[DATA]
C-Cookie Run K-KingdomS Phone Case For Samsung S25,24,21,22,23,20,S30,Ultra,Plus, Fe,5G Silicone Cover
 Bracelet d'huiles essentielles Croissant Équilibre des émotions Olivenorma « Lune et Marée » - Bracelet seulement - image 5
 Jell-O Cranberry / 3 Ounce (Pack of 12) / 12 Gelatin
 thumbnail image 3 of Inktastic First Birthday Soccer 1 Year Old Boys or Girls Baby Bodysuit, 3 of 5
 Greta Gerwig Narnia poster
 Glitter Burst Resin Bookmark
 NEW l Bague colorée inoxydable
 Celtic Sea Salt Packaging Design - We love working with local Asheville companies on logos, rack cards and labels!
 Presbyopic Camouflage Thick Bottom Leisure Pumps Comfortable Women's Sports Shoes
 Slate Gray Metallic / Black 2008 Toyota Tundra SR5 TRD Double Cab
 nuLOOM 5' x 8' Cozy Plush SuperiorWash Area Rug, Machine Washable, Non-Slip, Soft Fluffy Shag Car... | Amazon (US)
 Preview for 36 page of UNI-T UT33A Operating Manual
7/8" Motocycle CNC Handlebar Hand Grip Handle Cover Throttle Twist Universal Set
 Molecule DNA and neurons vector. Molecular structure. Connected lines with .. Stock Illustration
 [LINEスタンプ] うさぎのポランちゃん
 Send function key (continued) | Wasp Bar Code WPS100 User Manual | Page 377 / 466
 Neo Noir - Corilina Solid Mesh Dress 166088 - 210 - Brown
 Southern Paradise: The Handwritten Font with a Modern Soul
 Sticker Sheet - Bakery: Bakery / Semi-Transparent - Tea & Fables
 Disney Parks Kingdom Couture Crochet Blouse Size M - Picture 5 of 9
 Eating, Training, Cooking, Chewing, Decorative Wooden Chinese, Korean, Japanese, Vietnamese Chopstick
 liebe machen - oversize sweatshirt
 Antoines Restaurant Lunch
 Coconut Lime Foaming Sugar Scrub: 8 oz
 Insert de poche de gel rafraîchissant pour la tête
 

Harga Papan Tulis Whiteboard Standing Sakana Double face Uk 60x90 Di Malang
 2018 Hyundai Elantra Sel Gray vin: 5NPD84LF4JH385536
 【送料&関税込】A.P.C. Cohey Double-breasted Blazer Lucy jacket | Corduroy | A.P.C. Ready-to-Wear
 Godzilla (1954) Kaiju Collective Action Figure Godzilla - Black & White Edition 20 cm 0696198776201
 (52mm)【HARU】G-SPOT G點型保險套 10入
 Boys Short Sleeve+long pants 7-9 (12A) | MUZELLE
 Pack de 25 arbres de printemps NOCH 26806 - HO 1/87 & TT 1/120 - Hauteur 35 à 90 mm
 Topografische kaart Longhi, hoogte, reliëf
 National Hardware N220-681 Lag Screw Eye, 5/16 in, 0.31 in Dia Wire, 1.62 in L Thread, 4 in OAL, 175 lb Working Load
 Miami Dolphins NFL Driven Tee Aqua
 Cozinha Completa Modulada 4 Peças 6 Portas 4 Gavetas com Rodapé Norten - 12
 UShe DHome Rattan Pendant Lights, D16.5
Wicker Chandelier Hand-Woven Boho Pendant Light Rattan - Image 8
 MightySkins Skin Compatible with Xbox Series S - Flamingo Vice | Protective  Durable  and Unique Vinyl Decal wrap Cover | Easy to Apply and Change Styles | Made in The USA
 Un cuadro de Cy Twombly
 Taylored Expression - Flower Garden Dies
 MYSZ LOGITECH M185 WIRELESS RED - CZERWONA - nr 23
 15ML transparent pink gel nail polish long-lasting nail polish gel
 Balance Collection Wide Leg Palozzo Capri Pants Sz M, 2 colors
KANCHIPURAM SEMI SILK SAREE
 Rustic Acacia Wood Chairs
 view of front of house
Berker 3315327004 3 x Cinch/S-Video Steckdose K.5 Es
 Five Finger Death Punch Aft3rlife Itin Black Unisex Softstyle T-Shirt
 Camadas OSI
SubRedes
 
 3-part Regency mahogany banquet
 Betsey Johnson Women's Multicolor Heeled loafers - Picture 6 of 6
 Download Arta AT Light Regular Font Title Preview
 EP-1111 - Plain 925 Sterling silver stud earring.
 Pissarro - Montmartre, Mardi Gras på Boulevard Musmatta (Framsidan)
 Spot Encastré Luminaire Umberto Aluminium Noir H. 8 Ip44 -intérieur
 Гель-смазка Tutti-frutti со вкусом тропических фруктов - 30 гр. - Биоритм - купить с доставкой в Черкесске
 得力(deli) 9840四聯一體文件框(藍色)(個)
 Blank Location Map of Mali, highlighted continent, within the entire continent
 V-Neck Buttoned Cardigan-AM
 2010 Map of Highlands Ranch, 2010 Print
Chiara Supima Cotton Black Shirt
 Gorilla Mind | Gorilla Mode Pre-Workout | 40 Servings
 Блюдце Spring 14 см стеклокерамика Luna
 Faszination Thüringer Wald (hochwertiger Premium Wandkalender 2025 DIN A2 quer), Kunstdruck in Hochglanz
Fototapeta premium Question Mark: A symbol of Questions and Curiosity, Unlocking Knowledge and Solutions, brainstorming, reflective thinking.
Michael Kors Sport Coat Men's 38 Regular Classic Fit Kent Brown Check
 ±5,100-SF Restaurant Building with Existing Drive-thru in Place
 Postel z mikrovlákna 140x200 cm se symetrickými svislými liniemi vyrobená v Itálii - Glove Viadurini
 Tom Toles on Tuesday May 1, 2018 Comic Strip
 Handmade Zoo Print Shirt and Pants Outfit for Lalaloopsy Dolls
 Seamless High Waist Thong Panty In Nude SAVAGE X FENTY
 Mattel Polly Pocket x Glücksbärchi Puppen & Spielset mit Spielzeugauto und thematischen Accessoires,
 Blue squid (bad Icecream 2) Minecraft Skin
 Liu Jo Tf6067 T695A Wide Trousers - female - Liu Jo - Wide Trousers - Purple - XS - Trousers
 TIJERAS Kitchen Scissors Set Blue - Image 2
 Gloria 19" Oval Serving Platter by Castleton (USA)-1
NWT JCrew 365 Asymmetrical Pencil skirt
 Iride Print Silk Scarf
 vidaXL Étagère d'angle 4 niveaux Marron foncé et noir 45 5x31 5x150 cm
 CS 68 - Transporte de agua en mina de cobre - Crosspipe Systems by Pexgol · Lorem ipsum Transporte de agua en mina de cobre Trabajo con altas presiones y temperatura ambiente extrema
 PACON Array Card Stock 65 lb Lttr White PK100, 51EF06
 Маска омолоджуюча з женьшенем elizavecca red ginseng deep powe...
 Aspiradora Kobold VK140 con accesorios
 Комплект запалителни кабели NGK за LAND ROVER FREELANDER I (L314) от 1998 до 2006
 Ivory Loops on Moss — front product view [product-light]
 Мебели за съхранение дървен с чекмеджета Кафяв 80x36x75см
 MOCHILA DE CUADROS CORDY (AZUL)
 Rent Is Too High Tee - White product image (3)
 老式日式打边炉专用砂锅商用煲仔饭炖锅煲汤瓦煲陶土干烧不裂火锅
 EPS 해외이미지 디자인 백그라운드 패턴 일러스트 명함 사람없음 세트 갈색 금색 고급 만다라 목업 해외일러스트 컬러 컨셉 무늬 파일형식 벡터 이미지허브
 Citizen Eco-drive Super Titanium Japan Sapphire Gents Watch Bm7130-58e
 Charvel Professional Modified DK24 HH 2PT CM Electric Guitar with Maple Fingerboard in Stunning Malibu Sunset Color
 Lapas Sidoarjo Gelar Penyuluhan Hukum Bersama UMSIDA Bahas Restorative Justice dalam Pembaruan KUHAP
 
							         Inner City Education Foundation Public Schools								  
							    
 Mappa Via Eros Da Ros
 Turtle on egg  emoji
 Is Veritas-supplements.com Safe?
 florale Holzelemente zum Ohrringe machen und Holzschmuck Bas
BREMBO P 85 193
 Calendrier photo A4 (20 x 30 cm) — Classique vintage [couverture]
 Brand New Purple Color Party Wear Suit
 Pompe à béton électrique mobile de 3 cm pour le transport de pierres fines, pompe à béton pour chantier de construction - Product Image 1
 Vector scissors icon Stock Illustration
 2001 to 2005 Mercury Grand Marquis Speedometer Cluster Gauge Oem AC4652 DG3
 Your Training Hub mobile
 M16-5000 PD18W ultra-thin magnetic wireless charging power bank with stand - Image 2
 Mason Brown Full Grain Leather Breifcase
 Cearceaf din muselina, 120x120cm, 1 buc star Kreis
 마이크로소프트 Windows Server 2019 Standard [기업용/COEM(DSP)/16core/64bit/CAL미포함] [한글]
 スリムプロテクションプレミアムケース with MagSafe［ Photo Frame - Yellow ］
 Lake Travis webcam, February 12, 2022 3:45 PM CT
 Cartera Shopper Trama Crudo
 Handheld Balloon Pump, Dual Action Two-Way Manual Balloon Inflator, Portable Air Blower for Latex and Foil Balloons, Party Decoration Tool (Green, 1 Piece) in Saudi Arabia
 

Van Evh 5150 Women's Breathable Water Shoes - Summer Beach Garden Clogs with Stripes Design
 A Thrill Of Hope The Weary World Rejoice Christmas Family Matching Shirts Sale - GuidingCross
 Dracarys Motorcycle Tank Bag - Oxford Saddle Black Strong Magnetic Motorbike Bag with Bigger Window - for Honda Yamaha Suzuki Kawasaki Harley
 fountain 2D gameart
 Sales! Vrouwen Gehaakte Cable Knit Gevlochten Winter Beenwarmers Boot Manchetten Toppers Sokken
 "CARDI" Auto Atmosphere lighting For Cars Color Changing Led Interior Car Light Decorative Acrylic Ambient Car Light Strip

[PROBLEM DETAILS] In the listing above, find the line containing "Taylored Expression - Flower Garden Dies" and the line containing "Fototapeta premium Question", then quote both, plus every line between them, exactly as written.

[PROBLEM SOLUTION]
 Taylored Expression - Flower Garden Dies
 MYSZ LOGITECH M185 WIRELESS RED - CZERWONA - nr 23
 15ML transparent pink gel nail polish long-lasting nail polish gel
 Balance Collection Wide Leg Palozzo Capri Pants Sz M, 2 colors
KANCHIPURAM SEMI SILK SAREE
 Rustic Acacia Wood Chairs
 view of front of house
Berker 3315327004 3 x Cinch/S-Video Steckdose K.5 Es
 Five Finger Death Punch Aft3rlife Itin Black Unisex Softstyle T-Shirt
 Camadas OSI
SubRedes
 
 3-part Regency mahogany banquet
 Betsey Johnson Women's Multicolor Heeled loafers - Picture 6 of 6
 Download Arta AT Light Regular Font Title Preview
 EP-1111 - Plain 925 Sterling silver stud earring.
 Pissarro - Montmartre, Mardi Gras på Boulevard Musmatta (Framsidan)
 Spot Encastré Luminaire Umberto Aluminium Noir H. 8 Ip44 -intérieur
 Гель-смазка Tutti-frutti со вкусом тропических фруктов - 30 гр. - Биоритм - купить с доставкой в Черкесске
 得力(deli) 9840四聯一體文件框(藍色)(個)
 Blank Location Map of Mali, highlighted continent, within the entire continent
 V-Neck Buttoned Cardigan-AM
 2010 Map of Highlands Ranch, 2010 Print
Chiara Supima Cotton Black Shirt
 Gorilla Mind | Gorilla Mode Pre-Workout | 40 Servings
 Блюдце Spring 14 см стеклокерамика Luna
 Faszination Thüringer Wald (hochwertiger Premium Wandkalender 2025 DIN A2 quer), Kunstdruck in Hochglanz
Fototapeta premium Question Mark: A symbol of Questions and Curiosity, Unlocking Knowledge and Solutions, brainstorming, reflective thinking.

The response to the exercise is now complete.